Pacifiers at Bedtime
Offering a pacifier when you put your baby down to sleep is associated with a lower risk of SIDS. The exact mechanism isn’t fully understood, but the association has appeared across multiple studies. If you’re breastfeeding, you can introduce a pacifier once nursing is well established, typically around two to four weeks. One study found that introducing a pacifier at 15 days for SIDS prevention did not affect breastfeeding rates at three months.
If the pacifier falls out after your baby falls asleep, you don’t need to put it back in. And if your baby simply won’t take one, don’t force it.
What to Avoid
- Car seats, swings, and bouncers for sleep. These are fine for their intended use, but babies shouldn’t sleep in them routinely. The semi-upright position can cause a baby’s head to fall forward, restricting the airway.
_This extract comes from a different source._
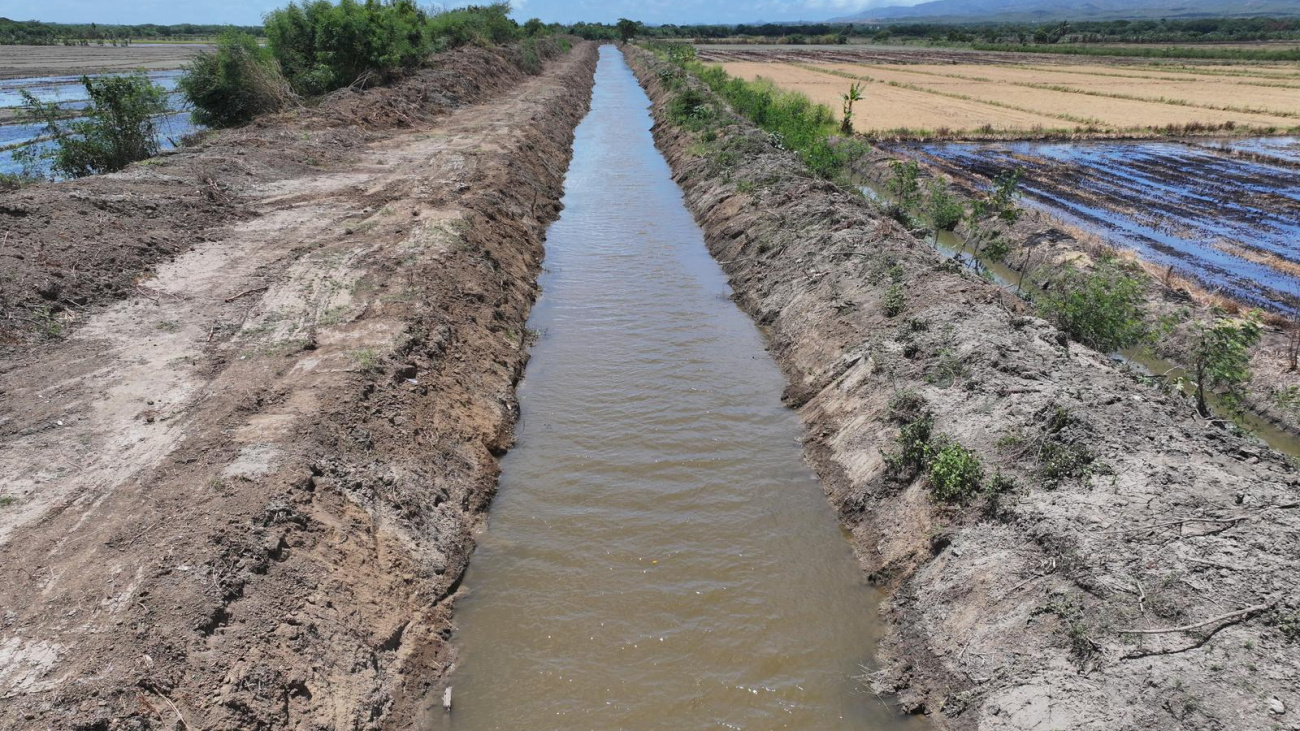 Indrhi Realiza Mantenimiento en Canales de Esperanza para Impulsar la Producción Nacional
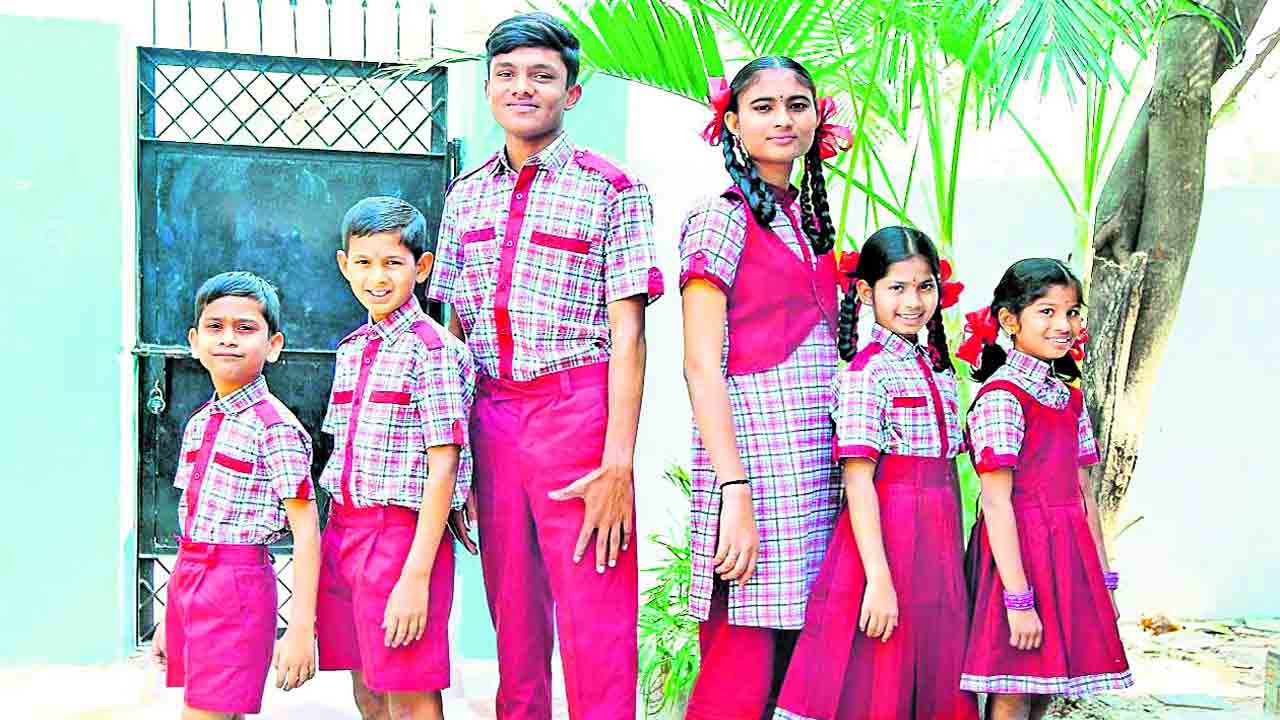 కుట్టేదెప్పుడు? ఇచ్చేదెన్నడు?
If your baby falls asleep in a car seat during a drive, move them to a firm, flat surface when you arrive.
- Bed-sharing. This includes falling asleep with your baby on any shared surface, whether that’s a bed, couch, or recliner.
- Soft bedding of any kind. No matter how cold the room feels, the answer is warmer clothing on the baby, not blankets in the crib.
- Positioning devices. Wedges, positioners, and nests marketed to keep babies on their backs have not been shown to be safe and can themselves become suffocation hazards.
Safe infant sleep comes down to a simple formula: alone, on the back, on a firm flat surface, with nothing else in the sleep space. Every sleep, every time. The consistency matters as much as any single element.